I took a chance last year and bought a Japanese Kei truck instead of a four wheeler or the Kubota RTV. The mini truck was $3500 and is amazing. If you want some more info, just PM me!


----------



## lablover (Dec 17, 2003)

Honda ATV's have the reputation of being the most reliable, and highest resale value. I've had 2, and still have 1, a 2002 Honda Rubicon.


----------



## Golddogs (Feb 3, 2004)

Roughriding Woody said:


> Looking to purchase a 2008 ATV. I have been looking really hard at the Polaris Sportsman 500 EFI. I will be using it for moose/caribou hunting, plowing snow and for fun. I need a dependable and affordable rig.

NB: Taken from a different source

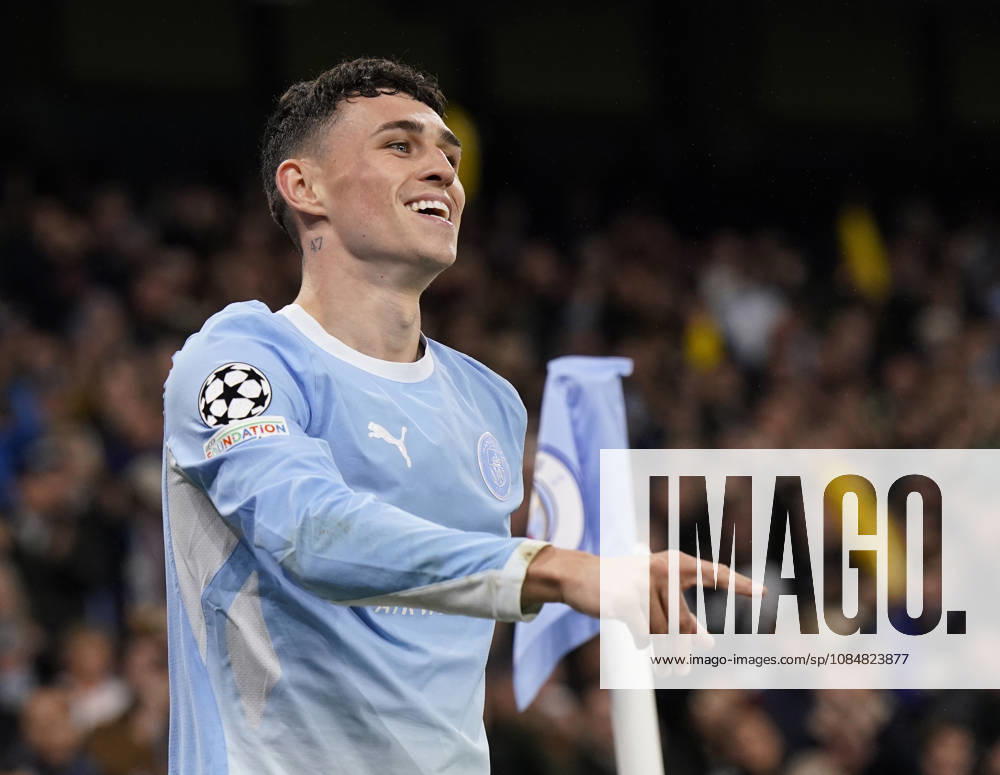 Manchester, England, 20th October 2026. Phil Foden of Manchester City celebrates scoring their fourth goal during the Manchester City vs AEK Athens UEFA Champions League match at the Etihad Stadium, Manchester. Picture credit should read: Andrew Yates Sportimage . SPI_051_AY_ManCity__Athens SPI-5090-0051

I think that the 500 will have enough power and the EFI would be good for the colder temps. The price is reasonable. Any advice?

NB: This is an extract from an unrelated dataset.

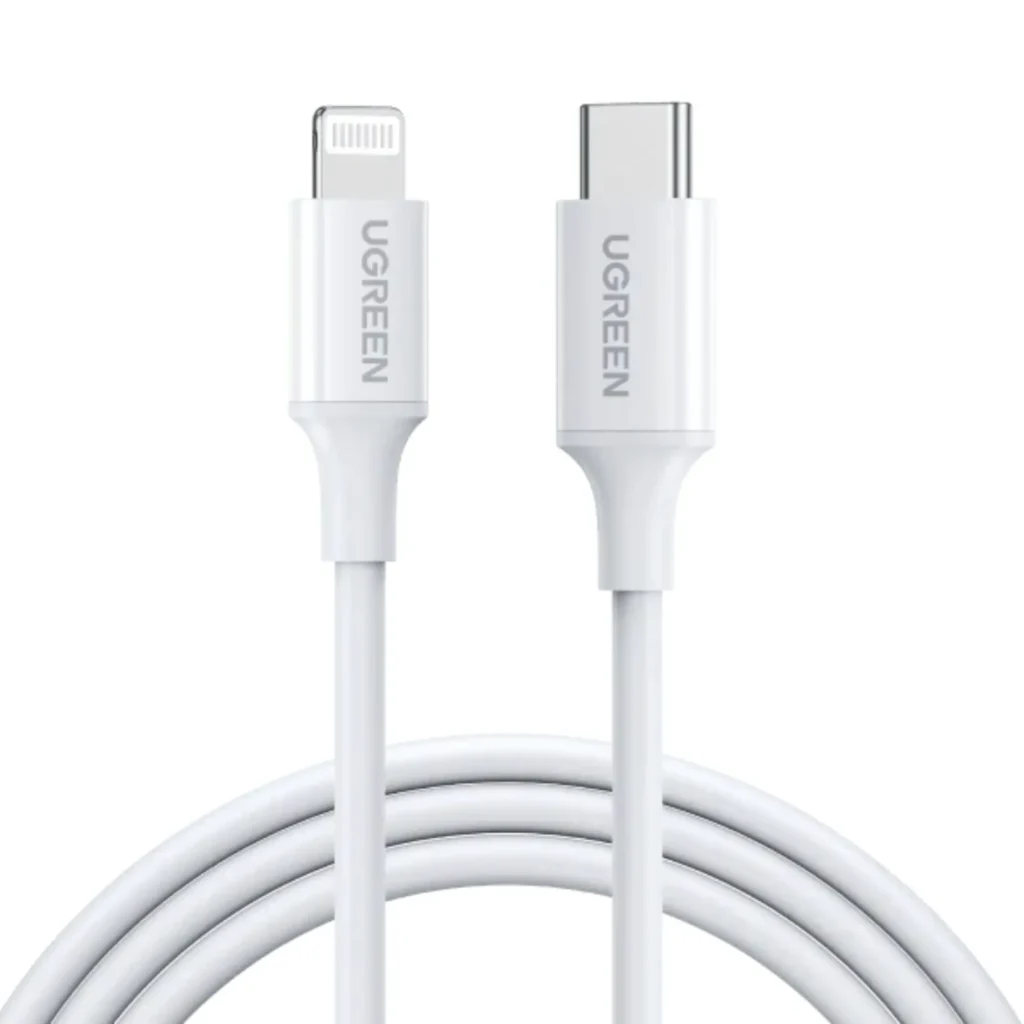 Cable UGREEN USB-C a Lightning 1 m carga rápida PD 3 A blanco US171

Suzuki King Quad. Best rated ATV in both engine classes. Low incident of repair and very rugged.


----------



## Mike Peters-labguy23 (Feb 9, 2003)

If I was looking I would get anything but a Polaris, we nick named the Pul ur asses. Make sure you buy from a good dealer. I like Honda's and Kawasaki's myself. I would stay away from Polaris and Artic Cat. I do business with a lot of ATV dealers and that is what they told me when I was thinking of getting a 2 up unit. My wife put the end to that idea :<


----------



## Ed Hogan (Mar 14, 2007)

Stick with your 4 most popular for all reasons. HONDA,YAMAHA,SUZUKI,KAWASAKI.


----------



## Guest (May 13, 2008)

I bought a 2007 Artic Cat 400 last year, I know that it is smaller than a 500 but it does an awesome job. The price wasnt bad on it either. I looked at the polaris and the artic cat and I saved about 1500$ by going with Artic Cat. I have no problems with it and it out performs by brother in laws yamaha that he has.


----------



## Mike Peters-labguy23 (Feb 9, 2003)

Artic Cat may be going out of business so keep that in mind!


----------



## Guest (May 13, 2008)

Where did you hear that at? I know a ton of guys down here in Texas that have Arctic Cat. Plus Bass Pro Shops sells them now in all their stores.


----------



## Mike Peters-labguy23 (Feb 9, 2003)

Mostly from the Snowmobile dealers. Artic Cat has had huge layoffs and have fallen off the face of the earth in the snowmobile market. With that in mind the ATV's aren't too far behind.


----------



## Mike Peters-labguy23 (Feb 9, 2003)

Here are a couple stories

http://www.powersportsbusiness.com/output.cfm?ID=1206199

http://www.zwire.com/site/news.cfm?BRD=1302&dept_id=181987&newsid=18862034&PAG=461&rfi=9

http://twincities.bizjournals.com/twincities/stories/2007/07/23/daily22.html?from_yf=1


----------



## TJ Shanahan (Dec 14, 2007)

Just went through this process myself. This DVD, although marketed by Yamaha, helps clarify some differentiation.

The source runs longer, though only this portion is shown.